In the book, the husband-and-wife team share the results of their own extensive research and the existing literature on soil health. Conventional farming practices, including tillage and commercial fertilizers, disrupt the necessary, healthy symbiosis between plants and the soil, they write, noting, “We traded away quality in pursuit of quantity as modernized farming chased higher yields, overlooking a farmer’s natural allies in the soil.”

We spoke with them recently about the nutrients that set food grown with regenerative practices apart, and why they believe those practices, including the no-till method’s greater capacity for holding water and preventing soil erosion, could be a key solution to drought in the West.

Fifteen years ago, when you wrote Dirt, there were very few people talking about soil health or about changing farming practices. How have things changed in that time?

David Montgomery: I’m impressed by how things have changed over the last 15 years. It has been very interesting to see the growing interest, not just among people who are interested in reforming the food system, but among farmers looking to farm better and to be more profitable. And there are all kinds of interests that have come together in the last 15 years that give me a lot of hope for continued momentum.

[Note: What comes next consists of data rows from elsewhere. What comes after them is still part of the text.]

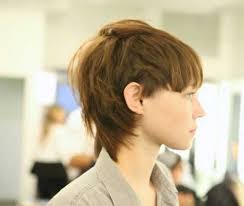 These hair styles are not only meant for women but they also look cool on males. 15 Razor Cut Pixie Hairstyles Pixie Cut Haircut For 2019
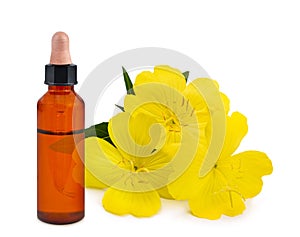 Common evening primrose with essence bottle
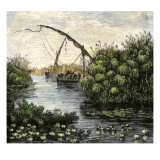 Papyrus Growing Along the Nile  Original Paper of the Ancient Egyptians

Anne Biklé: Farmers are definitely beginning to change their practices. Initially, a lot of the no-till movement was among conventional farmers. And I’m heartened to see that it has also crept out into the organic world. It’s really important that all farmers are seeing that the less we physically or chemically disrupt the soil, the better off the health of that soil is and then that can ripple out through their operations and pocketbooks. I hope that continues to catch on. I don’t think we’ve run into anybody who said, “I’m against soil health.”

Montgomery: There has been a lot of interest from farmers, consumers, and even companies, in terms of thinking about how they want to position themselves in the marketplace. We’ve spent a lot of time in the last 100 years worrying about growing enough food to feed everybody—and that’s a legitimate concern. But we took our eye off the ball collectively about the way that farming practices influenced the quality of food. It’s heartening to see a growing interest in that because I think we firmly believe we can harvest an abundance of very nutritious food to nourish the world. And if we can set our sights on that, as farmers, as consumers, as companies, and as governments, that can really help reform and change agriculture over the next few decades. Soil health is being talked about at COP 27, and there’s talk about support for regenerative agriculture in the farm bill. People are starting to pay attention.

“We’ve spent a lot of time in the last 100 years worrying about growing enough food to feed everybody. . . . But we took our eye off the ball collectively about the way that farming practices influenced the quality of food.”

You note that how we treat the soil affects how many important compounds are getting into our food supply. Can you say more about that?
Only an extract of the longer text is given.